Rasanya ingin sekali saat ini dia mematikan sambungan telepon dengan orang tua ini dan mengalihkannya dengan sambungan telepon lain yaitu Hafiz. Tetapi dia tidak berani. Dia tidak mau mengambil resiko.

__ADS_1


"Baiklah, kalau begitu situasi di KL masih terkendali berarti ya?"


"Ya kurang lebih begitulah, Pak!"


"Ya sudah kalau begitu, aku matikan dulu teleponnya. Kalau ada kabar apa pun yang berkaitan dengan N-one dan keluarga Nirwan itu, kabari aku secepatnya!"


Yes! Akhirnya! Hati Yuri bersorak girang.


"Baik, Pak!"


Dan begitu panggilan telepon itu mati, hal pertama yang dilakukan Yuri adalah menghubungi Hafiz kembali. Setelah mendial beberapa kali, akhirnya teleponnya diangkat juga.


"Hafiz, kamu meneleponku tadi? Maaf, orang tua itu sedang meneleponku tadi," kata Yuri beralasan.
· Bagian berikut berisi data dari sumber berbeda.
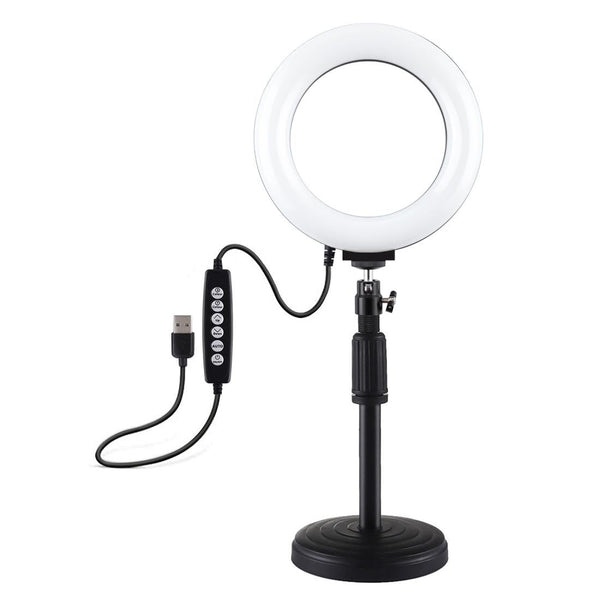 Usb 10 Modes 8 Colour Led Ring Light With Tripod Mount For Audio And Video Use Tripods & Monopods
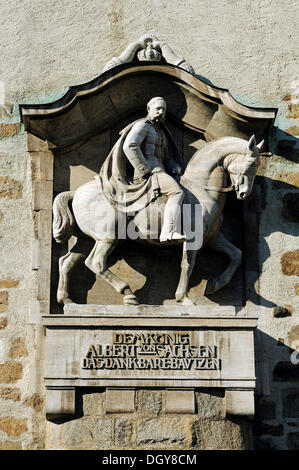 Monument to King Albert of Saxony at Lauenturm tower, historic center, Bautzen, Saxony, Germany Stock Photo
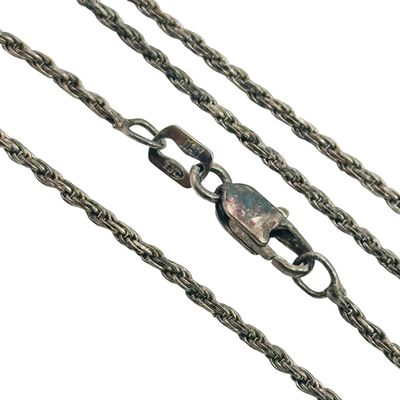 Signed Sterling Rope Chain Necklace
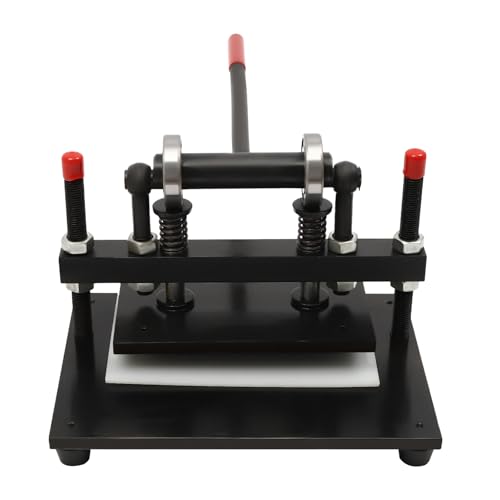 Leder Stanzmaschine, Manuelle Leders-Schneidemaschine 0–100 mm Leders Prägemaschine, Tragfähigkeit 2T, Obere Plattengröße 26 * 16cm, für Stoffe, Silikon, Gummi, Bücher, Papier von HongKKon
"Yuri, alamat lengkapmu dimana? Aku ingin berjumpe..."


"Ha?" Yuri bengong selama beberapa detik.


"Kamu kate, kat sini kamu duduk (tinggal) di Setiawangsa, kan? Aku tengah berada kat sini! Share loc!" Suara Hafiz terdengar datar.


"Eh, tapi tumben? Memang mau ngapain?" Yuri seketika menjadi gugup.


"Aku rindu."


Hati Yuri seakan ingin meledak. Tetapi kenapa suara Hafiz terdengar datar?


Ah, bodo ah! Mungkin saking rindunya, makanya terdengar seperti itu. Pokoknya ketemu aja dulu! Yessss! Putri bersorak dalam hati.


***


Hayuuuuk, Yuri! Tumben-tumbenannya tuh Hafiz mau ketemu kamu.